In November 2004 he received Kraków Book of the Month Award for the book Granice niewiary. In 2013 Woleński was awarded the Prize of the Foundation for Polish Science for a comprehensive analysis of the work of the Lwów-Warsaw school and for placing its achievements within the context of international discourse in contemporary philosophy.

Woleński was a plenary speaker at the second world congress on religion and logic held in Warsaw, June 18 to 22, 2017. He has continued academic involvement at the University of Information Technology and Management in Rzeszów Poland.

===Personal===
Woleński is active in Poland's atheist movement. In the 1960s he was a member of the government-sponsored Association of Atheists and Freethinkers, and since 2007 he is a member of the Honorary Committee of the Polish Rationalist Association. He is widely recognized in Poland as an atheist and has promoted the replacement of religion classes with philosophy classes in Polish schools.

Woleński is involved in the secular Jewish movement, writing on the common Polish-Jewish past and on today's Polish-Jewish relations. He is a member of B'nai B'rith and was deputy president of its Polish chapter from 2007 to 2012.

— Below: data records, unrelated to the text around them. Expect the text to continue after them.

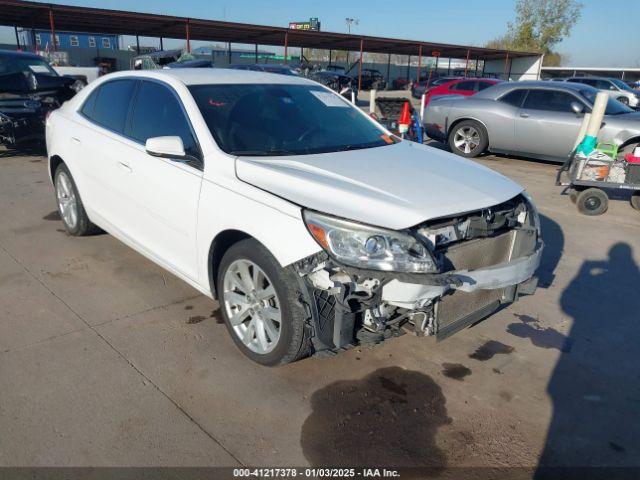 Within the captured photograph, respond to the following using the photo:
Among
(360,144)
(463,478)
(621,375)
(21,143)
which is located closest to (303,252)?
(463,478)

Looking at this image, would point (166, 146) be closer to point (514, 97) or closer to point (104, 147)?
point (104, 147)

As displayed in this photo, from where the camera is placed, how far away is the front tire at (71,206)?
495 centimetres

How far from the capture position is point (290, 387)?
9.90ft

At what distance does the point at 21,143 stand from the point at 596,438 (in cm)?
968

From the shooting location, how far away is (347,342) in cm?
272

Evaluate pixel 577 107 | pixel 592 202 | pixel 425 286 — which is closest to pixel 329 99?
pixel 425 286

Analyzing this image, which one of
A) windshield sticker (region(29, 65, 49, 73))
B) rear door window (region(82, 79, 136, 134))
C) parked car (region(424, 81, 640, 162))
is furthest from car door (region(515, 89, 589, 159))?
windshield sticker (region(29, 65, 49, 73))

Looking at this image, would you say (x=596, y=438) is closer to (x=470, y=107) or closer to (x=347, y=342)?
(x=347, y=342)

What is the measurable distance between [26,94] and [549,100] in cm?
973

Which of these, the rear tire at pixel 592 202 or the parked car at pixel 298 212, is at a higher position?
the parked car at pixel 298 212

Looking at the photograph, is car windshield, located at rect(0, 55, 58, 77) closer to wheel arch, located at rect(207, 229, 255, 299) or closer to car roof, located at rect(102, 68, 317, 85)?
car roof, located at rect(102, 68, 317, 85)

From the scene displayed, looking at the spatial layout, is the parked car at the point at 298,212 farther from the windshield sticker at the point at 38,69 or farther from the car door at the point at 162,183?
the windshield sticker at the point at 38,69

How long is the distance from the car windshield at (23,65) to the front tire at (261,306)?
9151 millimetres

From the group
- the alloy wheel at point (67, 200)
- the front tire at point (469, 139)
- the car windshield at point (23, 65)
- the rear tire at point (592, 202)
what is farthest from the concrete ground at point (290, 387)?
the car windshield at point (23, 65) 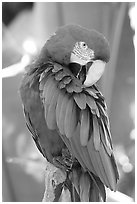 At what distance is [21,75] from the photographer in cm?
120

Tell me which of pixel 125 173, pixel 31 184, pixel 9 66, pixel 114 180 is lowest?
pixel 114 180

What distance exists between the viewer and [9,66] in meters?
1.19

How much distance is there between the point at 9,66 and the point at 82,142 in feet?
1.79

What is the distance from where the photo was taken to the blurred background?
1201 millimetres

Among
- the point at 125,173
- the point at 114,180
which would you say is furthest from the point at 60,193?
the point at 125,173

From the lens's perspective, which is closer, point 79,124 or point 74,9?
point 79,124

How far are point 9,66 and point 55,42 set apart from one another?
1.46 feet

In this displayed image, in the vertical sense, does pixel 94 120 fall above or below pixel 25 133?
below

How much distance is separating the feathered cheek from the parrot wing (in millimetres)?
17

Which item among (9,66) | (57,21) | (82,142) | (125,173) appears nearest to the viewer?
(82,142)

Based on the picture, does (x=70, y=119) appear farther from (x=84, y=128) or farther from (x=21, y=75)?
(x=21, y=75)

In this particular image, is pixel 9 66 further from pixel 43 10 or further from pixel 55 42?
pixel 55 42

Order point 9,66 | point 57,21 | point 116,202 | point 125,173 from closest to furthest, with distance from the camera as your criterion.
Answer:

He was a member of the Polish United Workers' Party (the Polish communist party) from 1965 to 1981. From 1980 to 1990 he was a member of the Solidarity (Polish trade union) movement.

==Works==
===In English and French ===
- Woleński, Jan (1989). "Logic and Philosophy in the Lvov-Warsaw School"
- Woleński, Jan (1990). "Kotarbinski: Logic, Semantics and Ontology"
- Woleński, Jan (1994). "Philosophical Logic in Poland"
- Woleński, Jan (1999). "Alfred Tarski and the Vienna circle: Austro-Polish Connections in Logical Empiricism"
- Woleński, Jan (1999). "Essays in the History of Logic and Logical Philosophy"
- Woleński, Jan (2004). "Handbook of Epistemology"
- Woleński, Jan, Essays on Logic and Its Applications in Philosophy, Peter Lang, Frankfurt am Main 2011;
- Woleński, Jan, L’école de Lvov-Varsovie : Philosophie et logique en Pologne (1895-1939), Vrin, Paris 2011;
- Woleński, Jan, Historico-Philosophical Essays, v. 1, Copernicus Center Press, Kraków 2013;
- Woleński, Jan, Logic and Its Philosophy, Peter Lang, Berlin 2018;
- Woleński, Jan, Semantics and Truth, Springer Nature, Heidelberg 2019;
- Woleński, Jan (2024). "Philosophical excursions into Jewish problems"

===In Polish===
- Woleński, Jan (1980). Z zagadnień analitycznej filozofii prawa, Quaestiones ad philosophiam analyticam iuris pertinentes, Warsaw, PWN.
- Woleński, Jan (1985). Filozoficzna szkoła lwowsko-warszawska, Warsaw, PWN.
- Woleński, Jan (1990). Kotarbiński, Wiedza Powszechna, Warsaw.
- Woleński, Jan (1993). Metamatematyka a epistemologia, Warsaw, PWN.
- Woleński, Jan (1996). W stronę logiki, Aureus, Cracow.
- Woleński, Jan (1997). Szkoła Lwowsko-Warszawska w polemikach, Warsaw, Scholar.
- Woleński, Jan (1999). Okolice filozofii prawa, Cracow, Universitas.
- Woleński, Jan (2000). Epistemologia, 3 volumes, Cracow, Aureus (reedited in one volume in 2005 by WN PWN, Warsaw).
- Woleński, Jan (2004). Granice niewiary, Cracow, Wydawnictwo Literackie.